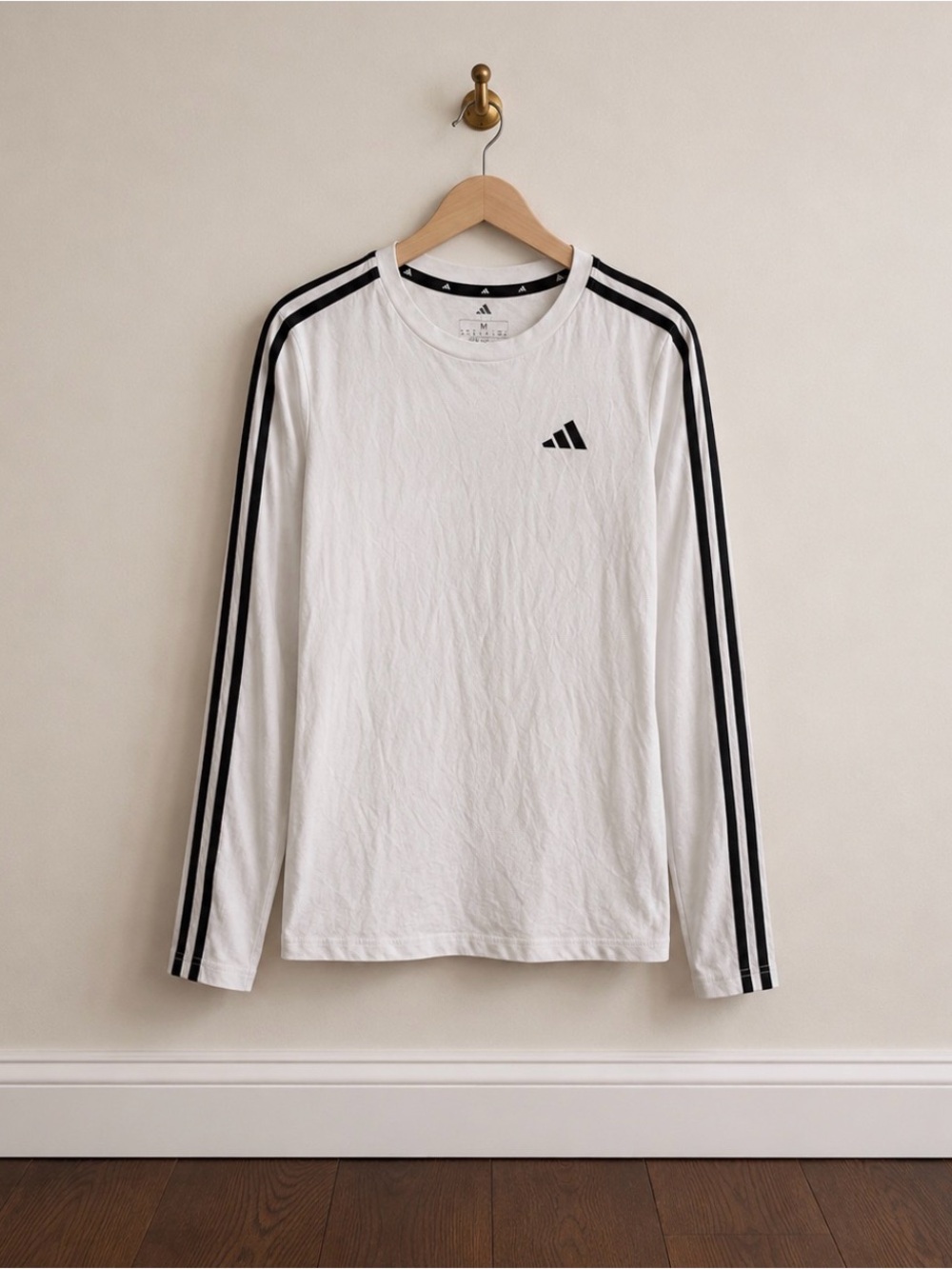 adidas White Long-Sleeve Tee with Black Three-Stripes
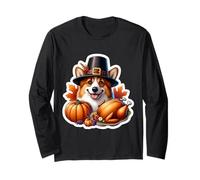 Giorno del Ringraziamento Pembroke Welsh Corgi Proprietario Cane Amante Divertente Carino Maglia a Manica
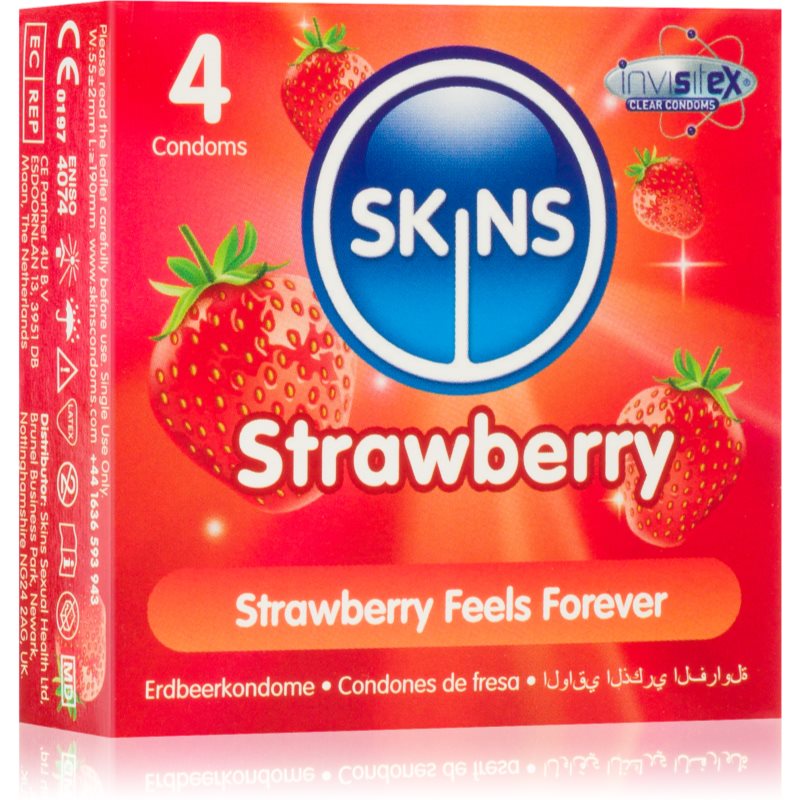 Skins Strawberry prezervative 4 buc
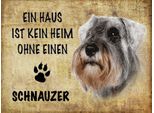 Vianmo Insegna In Legno 30X40 Cm Schnauzer Hund Ohne Kein Heim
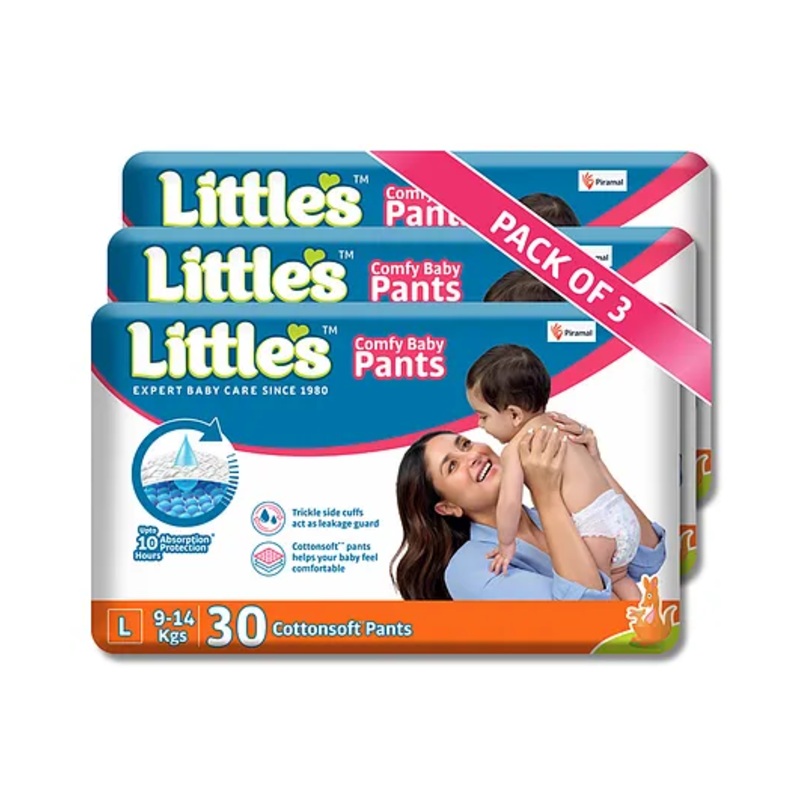 Little's Cotton Soft Baby Diaper Pants with Leakage Guard Pack of 3 Size L - 90 Diapers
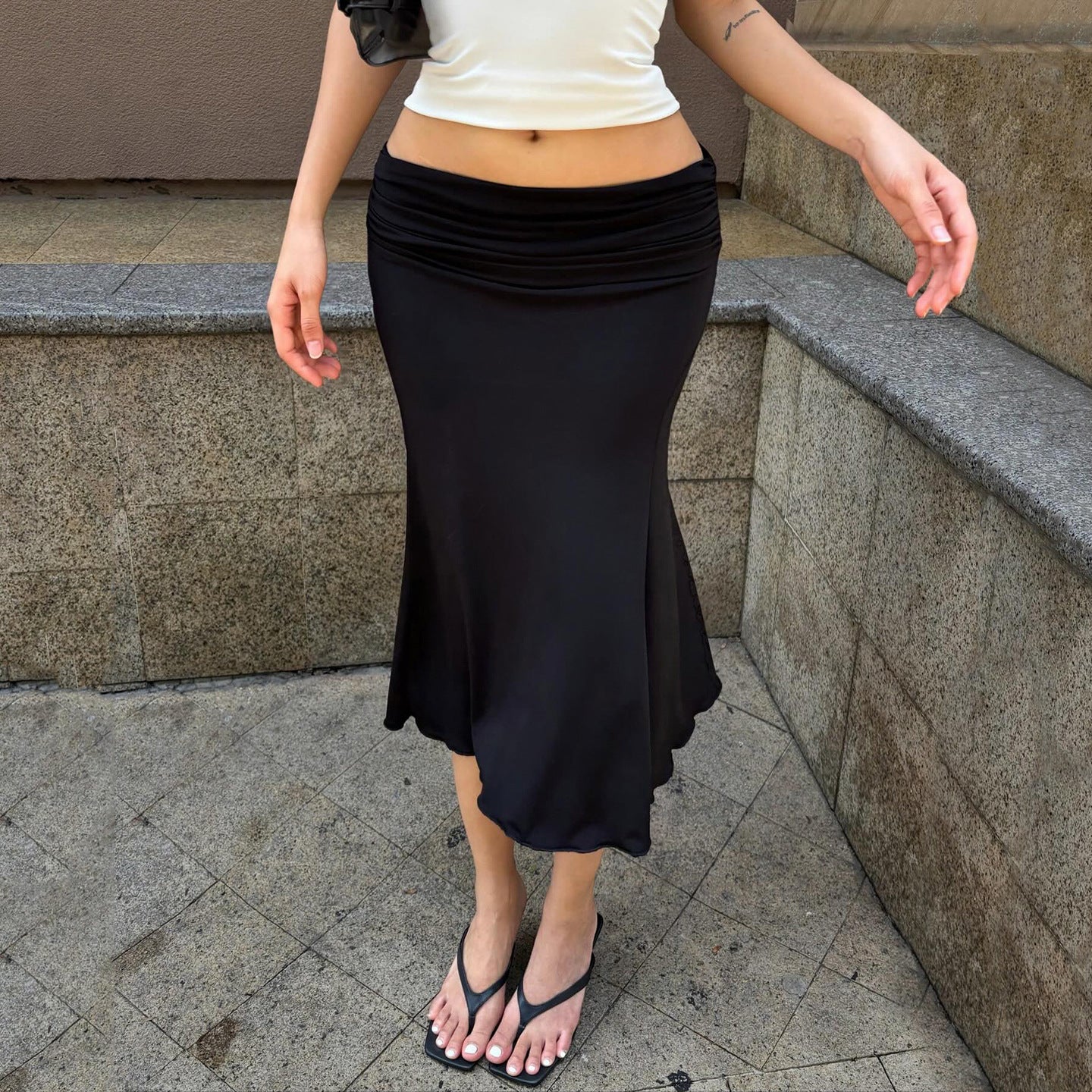 Polka Round Dots And Floral Prints High Waist Slimming Lotus Skirt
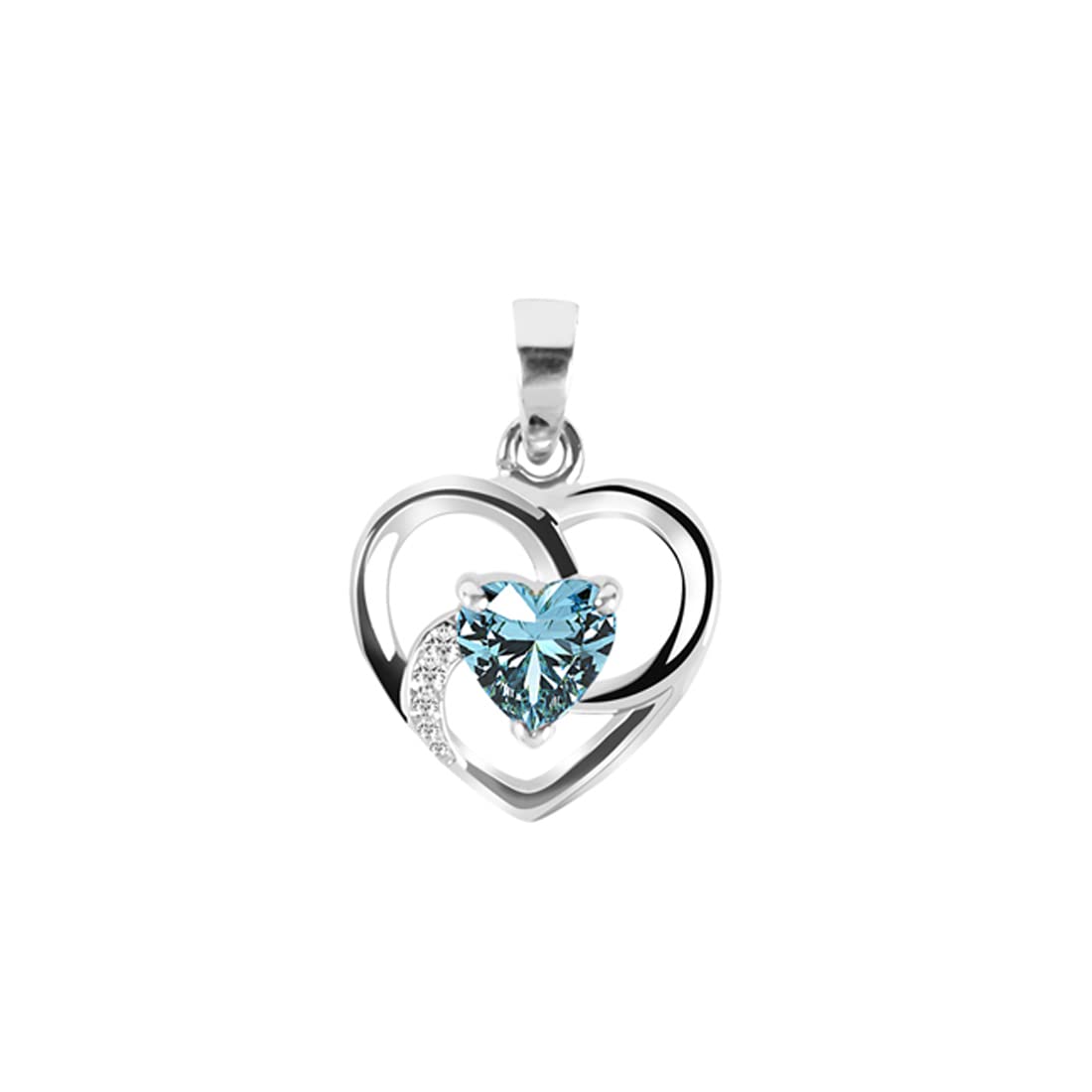 CLARA 925 Sterling Silver Heart Pendant Necklace | with or Without Chain | Gift for Women and Girls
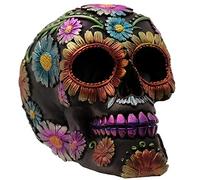 Puckator Metallic Day of the Dead Daisy & Flower Skull Decoration - Home Living Room Decoration - Gifts For Men Women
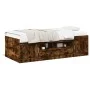 Tumbona con cajones madera ingeniería roble ahumado 90x190 cm de vidaXL, Camas y somieres - Ref: Foro24-3280255, Precio: 179,...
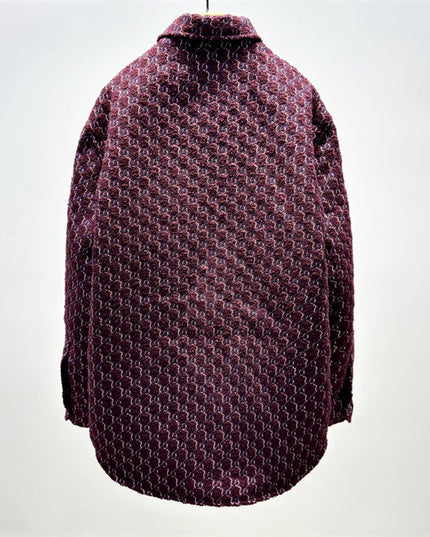 Gucci Velvet Monogram Button-Up Shirt Jacket – Burgundy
┄┄┄┄┄┄
(Work item) Retype exactly, and only, the lines from the one containing "Vianmo Insegna In" through the end of the material, leaving aside every picture.

(Exercise output)
 Vianmo Insegna In Legno 30X40 Cm Schnauzer Hund Ohne Kein Heim
 Little's Cotton Soft Baby Diaper Pants with Leakage Guard Pack of 3 Size L - 90 Diapers
 Polka Round Dots And Floral Prints High Waist Slimming Lotus Skirt
 CLARA 925 Sterling Silver Heart Pendant Necklace | with or Without Chain | Gift for Women and Girls
 Puckator Metallic Day of the Dead Daisy & Flower Skull Decoration - Home Living Room Decoration - Gifts For Men Women
 Tumbona con cajones madera ingeniería roble ahumado 90x190 cm de vidaXL, Camas y somieres - Ref: Foro24-3280255, Precio: 179,...
 Gucci Velvet Monogram Button-Up Shirt Jacket – Burgundy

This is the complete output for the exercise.